In the data below, find the line that contains "Montgomery, TX 77356" and the line that contains "1140 NE 201st Ter, Miami, FL 33179". Copy both, plus every line between them, exactly.
═════ SOURCE DATA
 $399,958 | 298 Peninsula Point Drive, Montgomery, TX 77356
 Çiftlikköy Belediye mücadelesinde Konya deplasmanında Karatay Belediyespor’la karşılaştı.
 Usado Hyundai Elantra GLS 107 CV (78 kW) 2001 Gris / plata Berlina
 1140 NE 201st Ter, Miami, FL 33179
══════════
═════ SOURCE DATA
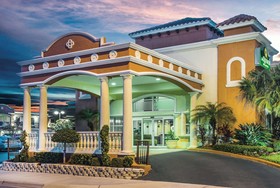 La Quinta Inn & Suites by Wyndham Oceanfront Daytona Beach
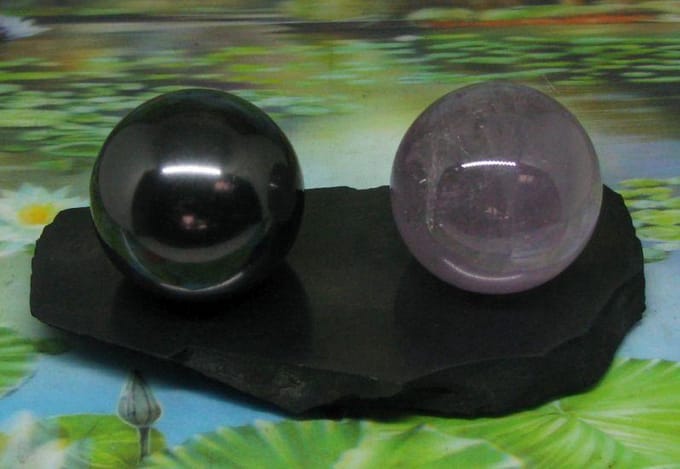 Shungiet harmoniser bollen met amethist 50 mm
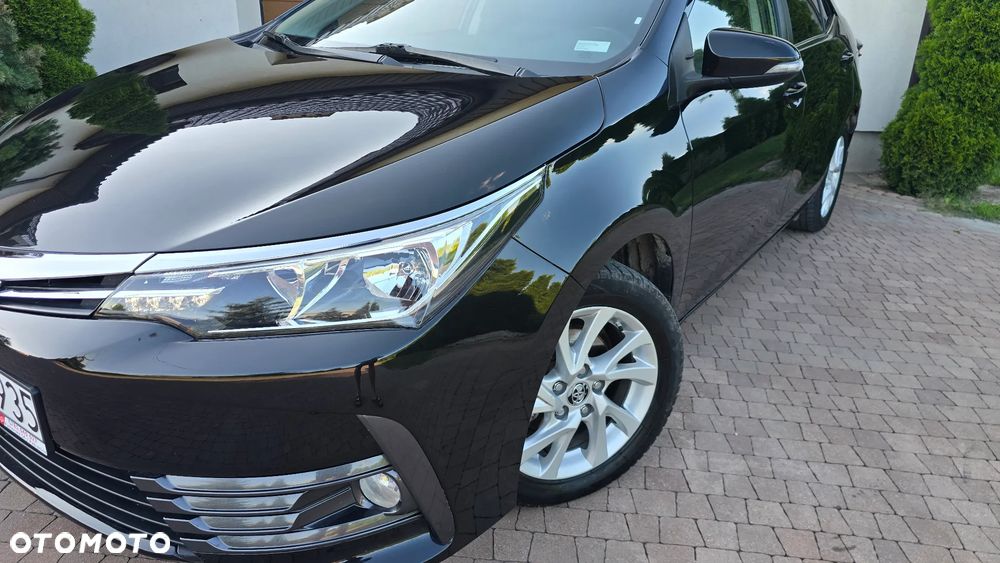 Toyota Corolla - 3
══════════
═════ SOURCE DATA
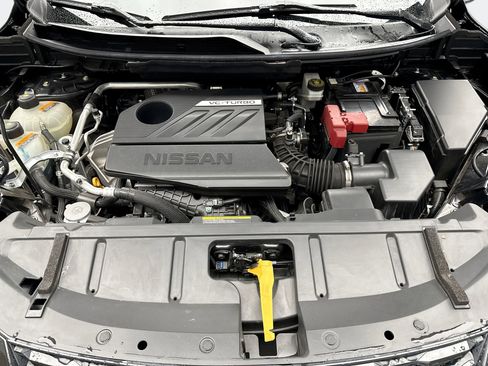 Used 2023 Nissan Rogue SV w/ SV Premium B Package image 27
══════════
*EXERCISE SOLUTION*.
 $399,958 | 298 Peninsula Point Drive, Montgomery, TX 77356
 Çiftlikköy Belediye mücadelesinde Konya deplasmanında Karatay Belediyespor’la karşılaştı.
 Usado Hyundai Elantra GLS 107 CV (78 kW) 2001 Gris / plata Berlina
 1140 NE 201st Ter, Miami, FL 33179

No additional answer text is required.